01.03.2024 07:05 | Anonymous member (Administrator)

September 12, 2024

 Utrecht University 

Deadline: May 1, 2024

An international workshop

Video-on-demand services (VODs) are often assumed by researchers to be black boxes, impenetrable to academic inquiry. Data on VOD catalogs, audiences, and usage can be challenging to source and may be commercially protected, leading to concerns about transparency and access (Wayne 2022).

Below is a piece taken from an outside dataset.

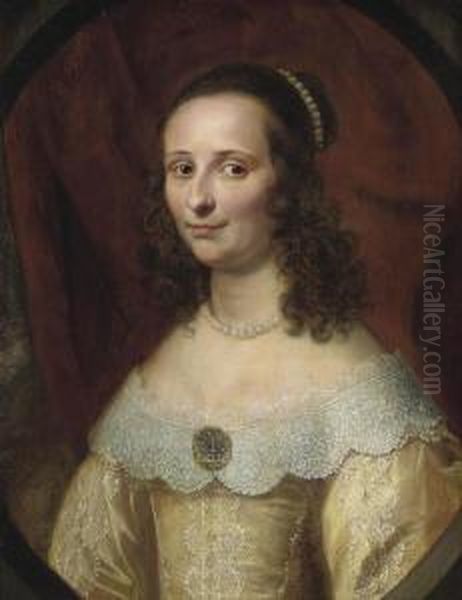 Portrait Of A Lady, Bust-length, In A Yellow Embroidered Dress, With A Pearl Necklace And Pearl Ornaments In Her Hair Oil Painting by Gerrit Van Honthorst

Nonetheless, in recent years researchers have found many innovative workarounds to investigate VODs, publishing important studies of VOD libraries, recommendations, promotion, and use. This scattered but vibrant field of empirical VOD research now spans television and screen studies, media industry studies, platform studies, law, economics, computer science, and policy research. We see for instance advances in catalog research (Grece 2018), distant readings of VOD interfaces (Kelly 2021), reverse engineering of algorithms (Pakovic 2022), logging user interactions through browser extensions (Castro et al. 2021), and quantitative analysis of proprietary data sets from third-parties (Lotz et al. 2022). Such research is valuable for scholarly debate because it allows us, in the absence of industry disclosure, to better understand trends in production, distribution and consumption of content; and from a policy perspective, it is also vital to establish if local content quotas and requirements for prominence/visibility are being met.  

Topics of interest within VOD research include:

* What makes up the library of a VOD?

* How do libraries differ between services and across space and time?

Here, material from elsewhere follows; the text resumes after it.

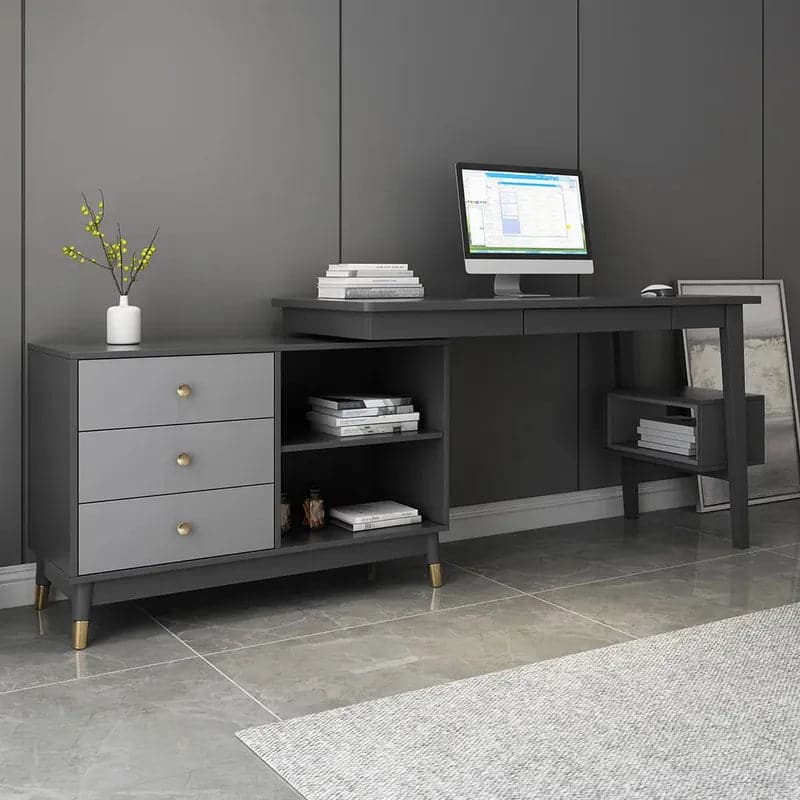 Ultic Gray Reversible L-Shaped Desk Computer Desk with Drawers & Shelf ...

* How is content circulated? (interfaces, recommendations and promotion)

* What do we know about usage of different VODs?

* How is usage shaped by prominence and discoverability within the interface?

* What VOD content is popular/culturally significant?

* How are data used by VODs for producing and distributing content?

* What can VOD research contribute to public policy debates?

We invite papers that propose, modify, elaborate, demonstrate or reflect on innovative methods for studying VODs, including empirical methods for data collection and/or critical and interpretive methods for data analysis. Our focus is on research methods for subscription video-on-demand (SVOD) and broadcaster video-on-demand (BVOD) services, rather than on social video platforms such as YouTube and Tiktok. 

Submission details:

Abstracts of 500 words are due by 1 May 2024 along with a 100 word bio and should be sent to Karin van Es (K.F.vanEs@uu.nl) and Ramon Lobato (ramon.lobato@rmit.edu.au). 

Notifications of acceptance will be sent by 1 June, and accepted authors will be invited to submit extended abstracts of 2,000 words by 5 September. The workshop will be held on 12 September at Utrecht University, The Netherlands. A special journal issue is planned following the workshop. We also welcome expressions of interest from scholars who cannot attend the workshop but would like to be considered for the special issue. Please feel free to reach out to the organisers by email.

References

Castro D, Rigby J, Cabral D and Nisi V (2021) The Binge-watcher’s Journey: Investigating Motivations, Contexts, and Affective States Surrounding Netflix Viewing. Convergence 27 (1): 3-20.

Grece, Christian (2018) Films in VOD catalogues – Origin, Circulation and Age. Strasbourg: European Audiovisual Observatory. 

Kelly JP (2021). ‘Recommended for you’: A Distant Reading of BBC iPlayer. Critical Studies in Television, 16(3), 264-285

Lotz A, Eklund O and Suroka S (2022) Netflix, Library Analysis, and Globalization: Rethinking Mass Media Flows. Journal of Communication 72 (4): 511–521.

Pajkovic N (2022) Algorithms and Taste-making: Exposing the Netflix Recommender System’s Operational Logics. Convergence 28 (1): 214–235

Wayne ML (2022) Netflix Audience Data, Streaming Industry Discourse, and the Emerging Realities of ‘Popular’ Television. Media, Culture & Society 44 (2): 193–20.